Was thrilled to be part of the FilmStack Inspiration Challenge.
I have always been drawn to documentary filmmaking, the kind that tells stories about ordinary people thrust into extraordinary circumstances. I can trace that obsession back to a single documentary film about the Andes plane crash.
On October 13, 1972, Uruguayan Air Force Flight 571, carrying a rugby team and their friends and family from Montevideo to Santiago, crashed into the Andes Mountains after the inexperienced co-pilot misjudged the plane’s position and began descending too early. The aircraft struck a mountain, losing its wings and tail before the fuselage slid down a glacier and came to rest high in the remote Andes. Of the 45 people on board, 12 died immediately and several more soon after from injuries and the extreme cold. Although search planes flew over the area, the white fuselage blended into the snow, and rescue efforts were called off after eight days, leaving 29 survivors stranded at over 11,000 feet with no way to contact the outside world.
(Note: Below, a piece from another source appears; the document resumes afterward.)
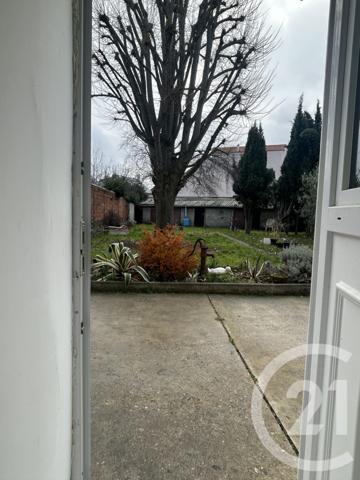 Appartement F2 à vendre  2 pièces - 24,63 m2 GENNEVILLIERS - 92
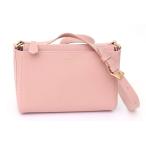 ショッピングサマンサタバサ サマンサタバサ デラックス ショルダーバッグ レザー 斜め掛け ブランド 鞄 カバン レディース ピンク Samantha Thavasa Deluxe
The survivors took shelter inside the broken fuselage, melting snow for water and rationing a very small supply of food, which ran out within a week. With no vegetation or animals in the area and facing starvation, they made the agonizing decision to consume the bodies of those who had died, a choice deeply conflicted by their religious beliefs but seen as the only way to survive. An avalanche later buried the fuselage, killing eight more people and convincing the remaining survivors that they had to attempt self-rescue. Despite extreme weakness, cold, and lack of equipment, two survivors, Nando Parrado and Roberto Canessa, eventually crossed a mountain peak and followed a river west toward Chile.
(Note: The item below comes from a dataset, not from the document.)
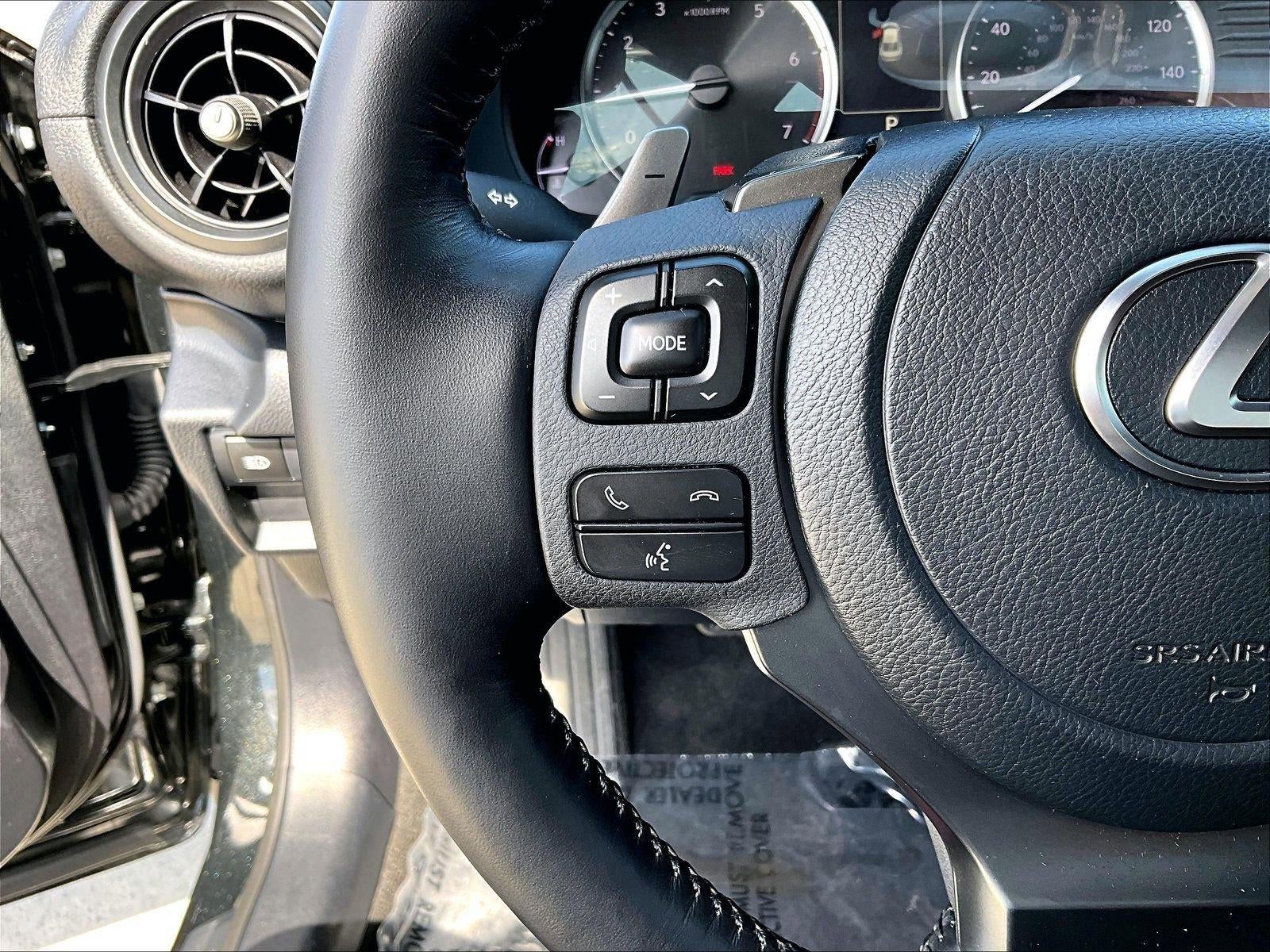 2024 Lexus IS 300 RWD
After days of walking, Parrado and Canessa encountered a Chilean horseman, who alerted authorities. Rescue teams were sent back to the crash site by helicopter, and over the next two days the remaining survivors were evacuated. In total, 16 people survived 72 days in the Andes. Their ordeal became known as the “Miracle of the Andes,” a powerful story of endurance, moral struggle, and the will to survive under unimaginable conditions.
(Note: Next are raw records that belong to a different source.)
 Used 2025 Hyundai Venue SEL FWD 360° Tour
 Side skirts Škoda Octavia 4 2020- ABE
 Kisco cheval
What unfolded was not simply a survival story, but a moral, psychological, and physical reckoning that challenged everything we think we know about human endurance.
The 1993 feature film Alive, starring Ethan Hawke, dramatized the true story, but it wasn’t enough for me to watch the film. I needed to know what happened next. That obsession led me to Alive: 20 Years Later, the documentary that truly cemented my love for nonfiction storytelling. Narrated by Martin Sheen, it followed 16 of the survivors two decades after the crash, exploring how they rebuilt their lives and how the making of Alive forced them to revisit the most harrowing chapter of their existence. I wanted to see their faces, understand their choices, and learn about those who didn’t survive. I searched for photographs, read everything I could find, and tried to reconcile the people onscreen with the real men who had lived through the unthinkable.
I am of the belief that feature films can introduce you to a story, but a documentary invites you to stay with it. Documentary filmmakers don’t offer closure, instead they offer continuity. They show us the ripple effects of trauma, survival, and resilience. They allow people to reclaim their narratives in their own voices, rather than being reduced to a headline or a dramatic reenactment.
In episode 616, I interviewed Brad Osborne, the writer and director of I Am Alive: Surviving the Andes Plane Crash. He also completed 50th anniversary documentary The Andes Tragedy: 50 Years Later.




Wow, I'll have to check this out. I didn't realize there was a documentary that profiled the survivors 20 years later. I loved 'Society of the Snow.'
I distinctly remember my roommate reading the nonfiction book written in 1974 by Piers Paul Read -- Alive -- which I assume was the basis of the movie and documentary. I am definitely searching for the documentary exploring how these men have coped with their memories throughout their lives. Thanks for the heads-up!